The Secretary will not say that such provision would exceed the abilities of the country; but he is clearly of opinion, that to make it, would require the extension of taxation to a degree, and to objects, which the true interest of the public creditors forbids. It is therefore to be hoped, and even to be expected, that they will chearfully concur in such modifications of their claims, on fair and equitable principles, as will facilitate to the government an arrangement substantial, durable and satisfactory to the community. The importance of the last characteristic will strike every discerning mind. No plan, however flattering in appearance, to which it did not belong, could be truly entitled to confidence.


It will not be forgotten, that exigencies may, ere long, arise, which would call for resources greatly beyond what is now deemed sufficient for the current service; and that, should the faculties of the country be exhausted or even strained to provide for the public debt, there could be less reliance on the sacredness of the provision.


But while the Secretary yields to the force of these considerations, he does not lose sight of those fundamental principles of good faith, which dictate, that every practicable exertion ought to be made, scrupulously to fulfil the engagements of the government; that no change in the rights of its creditors ought to be attempted without their voluntary consent; and that this consent ought to be voluntary in fact, as well as in name. Consequently, that every proposal of a change ought to be in the shape of an appeal to their reason and to their interest; not to their necessities. To this end it is requisite, that a fair equivalent should be offered for what may be asked to be given up, and unquestionable security for the remainder. Without this, an alteration, consistently with the credit and honor of the nation, would be impracticable.


It remains to see, what can be proposed in conformity to these views.


It has been remarked, that the capital of the debt of the union is to be viewed in the light of an annuity at the rate of six per cent. per annum, redeemable at the pleasure of the government, by payment of the principal. And it will not be required, that the arrears of interest should be considered in a more favourable light. The same character, in general, may be applied to the debts of the individual states.


This view of the subject admits, that the United States would have it in their power to avail themselves of any fall in the market rate of interest, for reducing that of the debt.

This property of the debt is favourable to the public; unfavourable to the creditor. And may facilitate an arrangement for the reduction of interest, upon the basis of a fair equivalent.


Probabilities are always a rational ground of contract. The Secretary conceives, that there is good reason to believe, if effectual measures are taken to establish public credit, that the government rate of interest in the United States, will, in a very short time, fall at least as low as five per cent. and that in a period not exceeding twenty years, it will sink still lower, probably to four.


There are two principal causes which will be likely to produce this effect; one, the low rate of interest in Europe; the other, the increase of the monied capital of the nation, by the funding of the public debt.


From three to four per cent. is deemed good interest in several parts of Europe.
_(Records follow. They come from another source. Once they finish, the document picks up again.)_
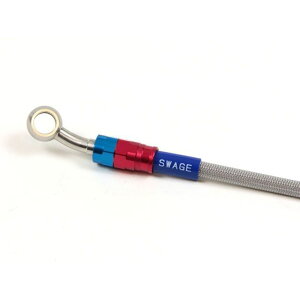 SWAGE-LINE PRO tgz[XLbg gCs[X z[XGh bhu[ z[XJ[ NA SAP0003FT XEFbWCv u[Lz[XEP[u oCN CBR600RR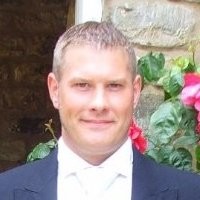 Andy Bird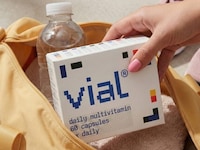Modular Wellness Packaging System Image 3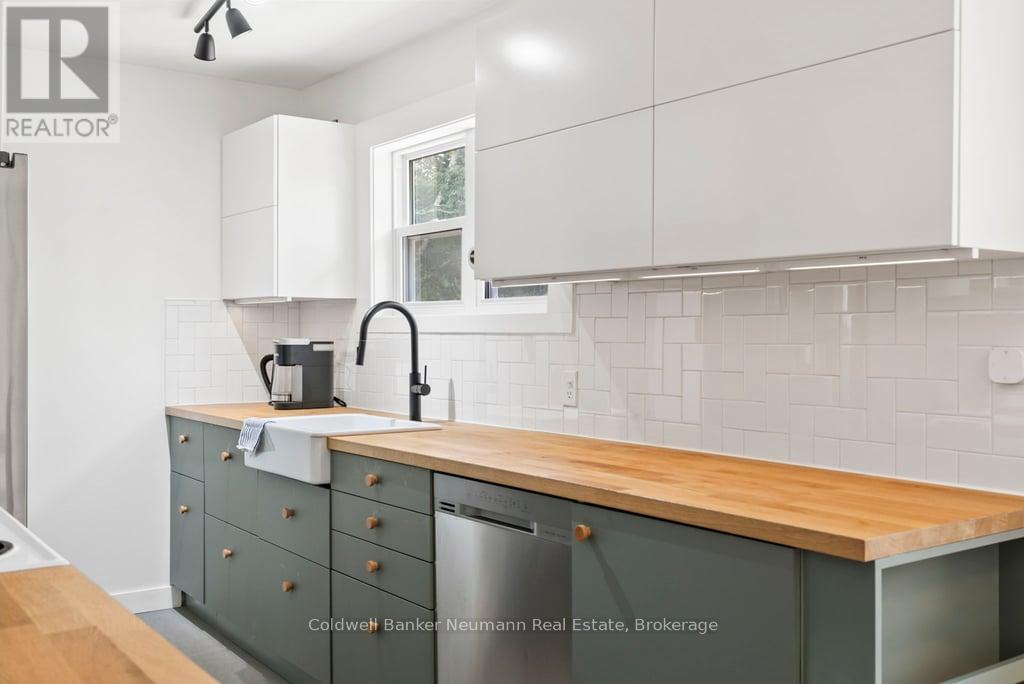 440 Provincial Street, Saugeen Shores, Ontario  N0H 2C1 - Photo 5 - X12952892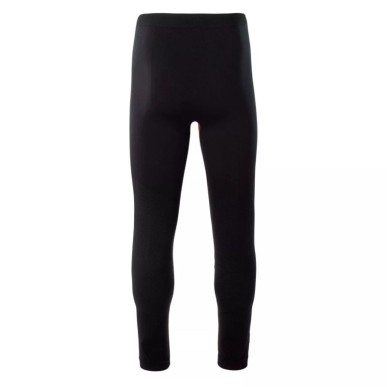 Leggings IQ Cross The Line Cruzi M 92800442983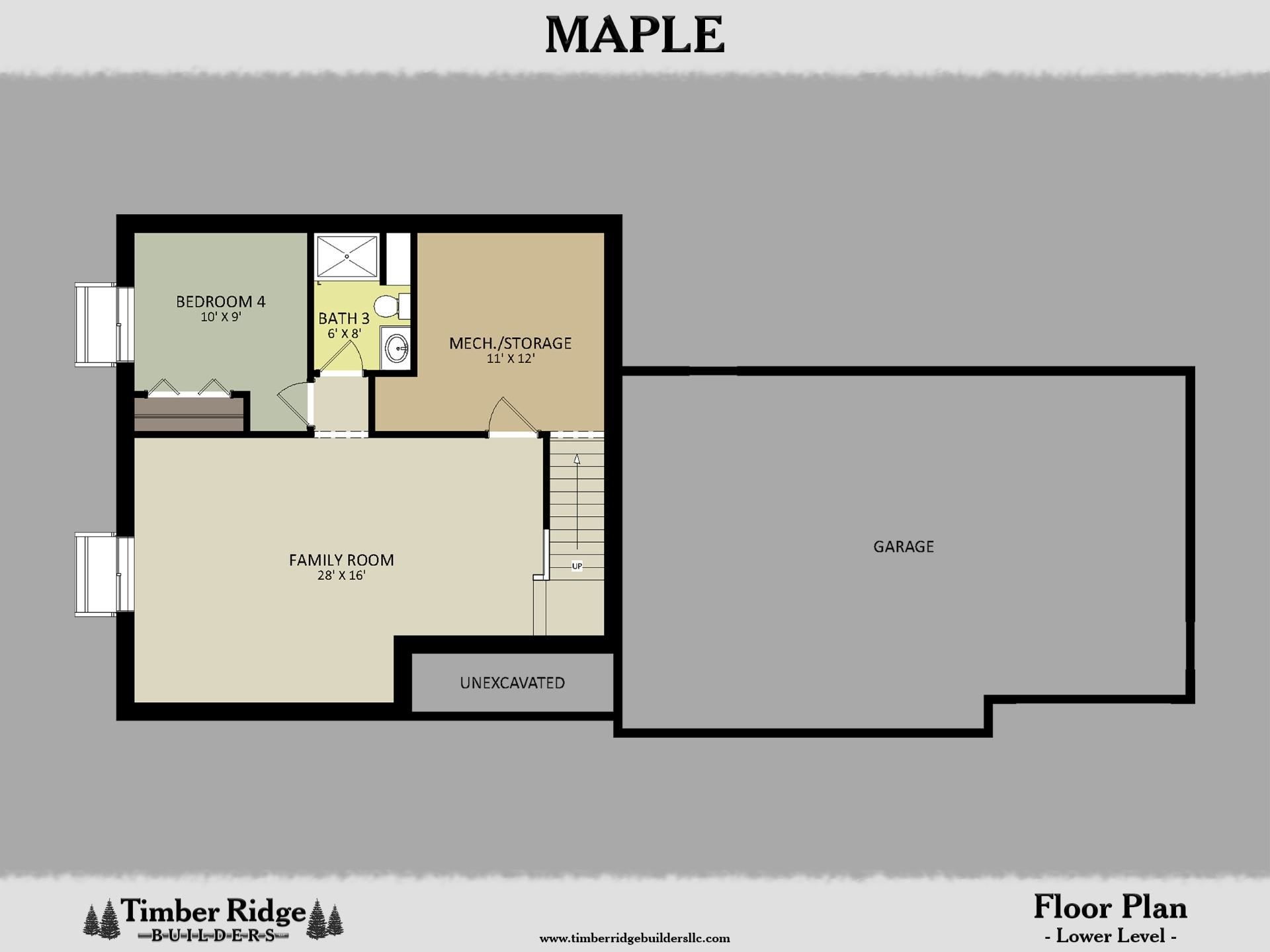 8181 BIRCH STREET, Weston, Wisconsin 54476, 3 Bedrooms Bedrooms, ,2 BathroomsBathrooms,Residential,For Sale,8181 BIRCH STREET,22600668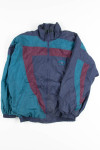 90s Jacket 14395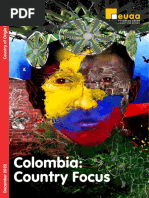 2022 12 COI Report Colombia Country Focus EN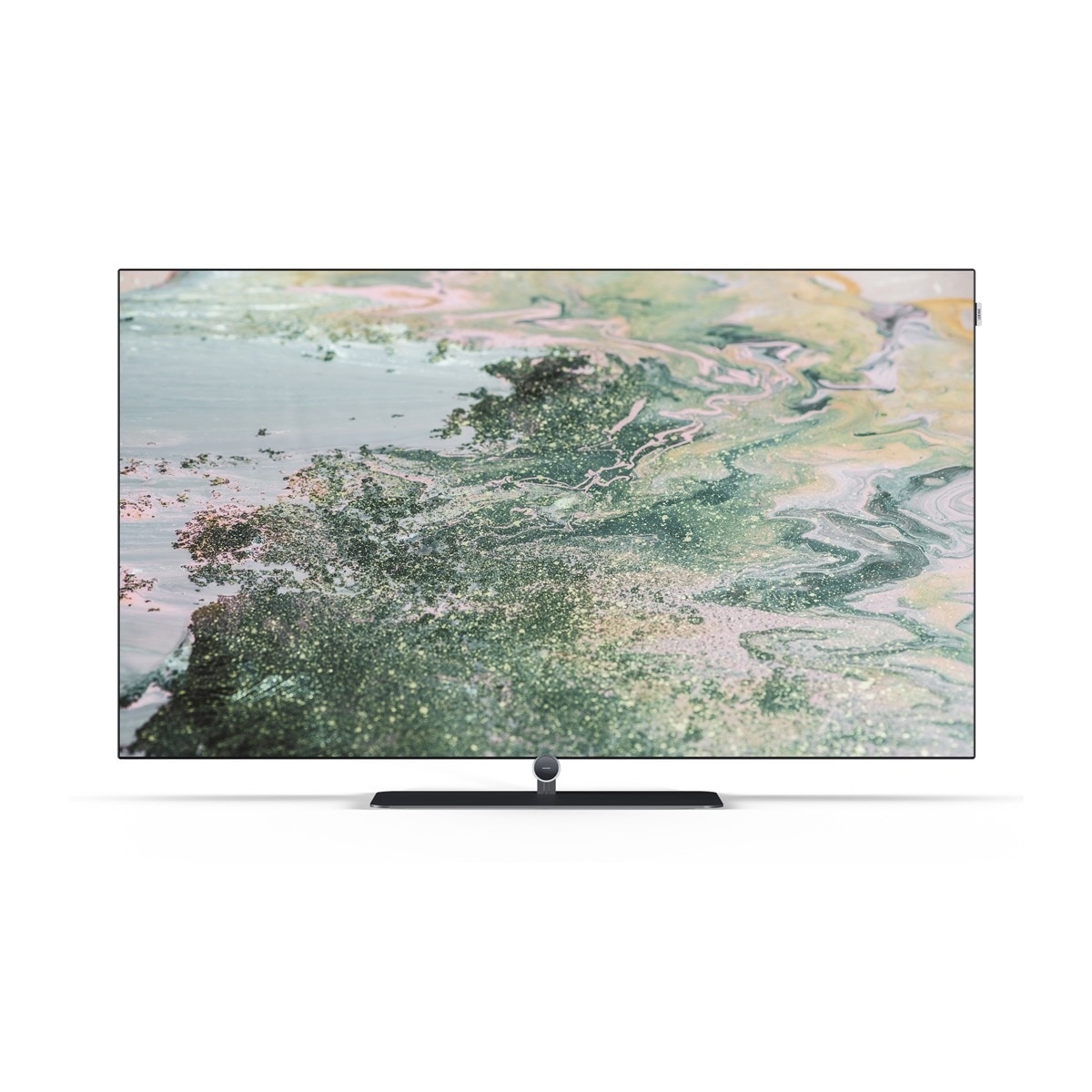 Imagem 0 de TV OLED 48" (121 cm) Loewe bild i.48 UHD 4K, HDR, Wi-Fi e Smart TV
Even less is deemed so, in some places. And it is on the decline; the increasing plenty of money continually tending to lower it. It is presumable, that no country will be able to borrow of foreigners upon better terms, than the United States, because none can, perhaps, afford so good security. Our situation exposes us less, than that of any other nation, to those casualties, which are the chief causes of expence; our incumbrances, in proportion to our real means, are less, though these cannot immediately be brought so readily into action, and our progress in resources from the early state of the country, and the immense tracts of unsettled territory, must necessarily exceed that of any other. The advantages of this situation have already engaged the attention of the European moneylenders, particularly among the Dutch. And as they become better understood, they will have the greater influence. Hence as large a proportion of the cash of Europe as may be wanted, will be, in a certain sense, in our market, for the use of government. And this will naturally have the effect of a reduction of the rate of interest, not indeed to the level of the places, which send their money to market, but to something much nearer to it, than our present rate.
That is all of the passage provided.